Hang on, you may be saying: didn’t the peerless Shaun of the Dead do the whole comedy Zombie Apocalypse routine over five years ago, and set the bar extremely high to boot? True, Shaun was my point of reference going into this movie, and to start with Zombieland falls a long way of its standards – the opening sequence just isn’t particularly funny, with the script somehow missing the right beats and the tone distinctly uncertain. But things improve considerably as soon as Harrelson comes on screen, as he gives a barnstorming and endearingly absurd performance which is exactly the thing the film needs. It improves enormously as it goes on and stops trying to be funny and horrific at the same time. In the end it’s not a true comedy-horror fusion, or a parody of zombie movies, but simply a broad and very offbeat comedy (a bit too offbeat to be really credible in places), which adeptly includes effective moments of romance, emotion, and action. Not to mention splatter and pus, of course.

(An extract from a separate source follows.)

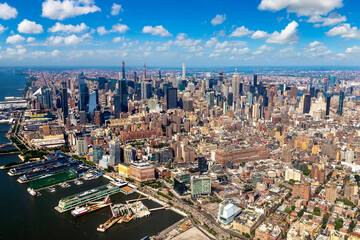 Aerial view of Manhattan in New York - obrazy, fototapety, plakaty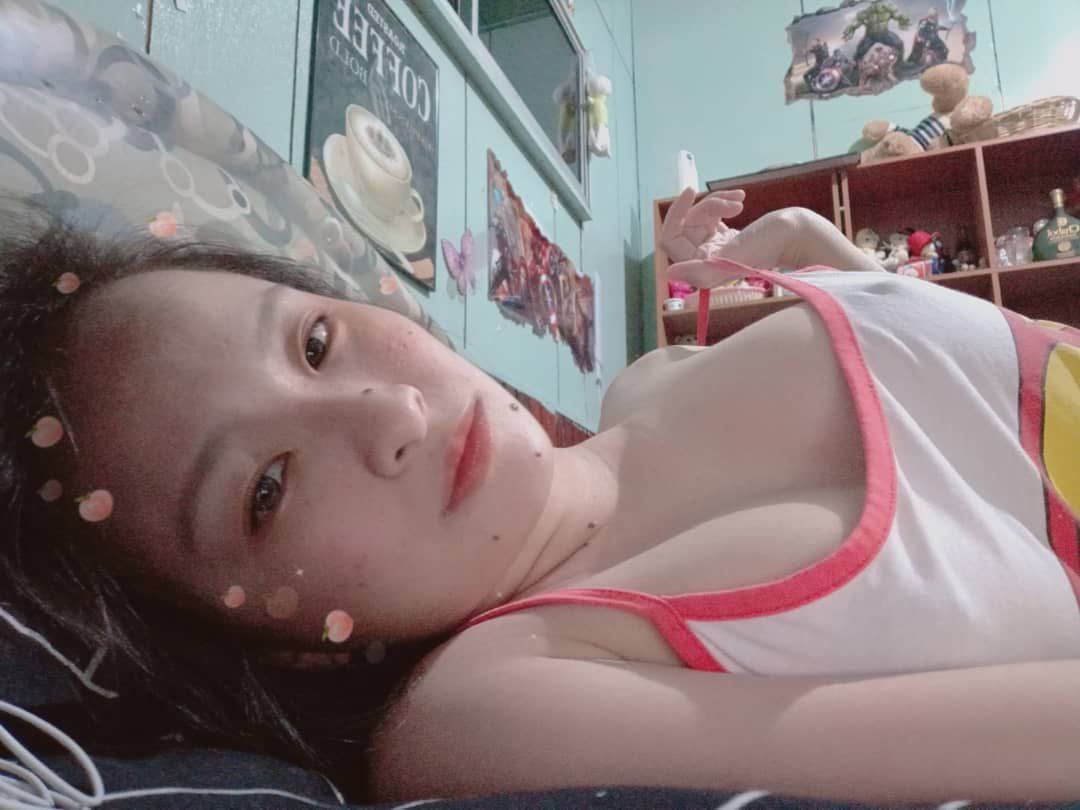 trangchull's tweet photo. Call hơm ạ nứng quá https://t.co/mN3OsmOvrE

I found myself enjoying it hugely as it went on, but am reluctant to go into too much detail for fear of spoiling the fun. The small cast give likeable performances, the post-apocalyptic landscape is convincingly rendered (well, the electricity’s still on everywhere, but…) and Fleischer’s direction is mostly neat and effective. There are a few whistles and bells with the graphic design (captions whizzing around the screen) which I wasn’t mad about, and the thrashing heavy metal soundtrack didn’t do a lot for me, either, but by the end I was laughing out loud longer and more frequently during Zombieland than The Invention of Lying. My sources (okay, the inter web) tell me it’s done rather well at the box office – and this is one instance in which, if they can keep the quality up, a sequel would be very welcome. It’s definitely a comedy more than anything else, but Zombieland is also a quality piece of work.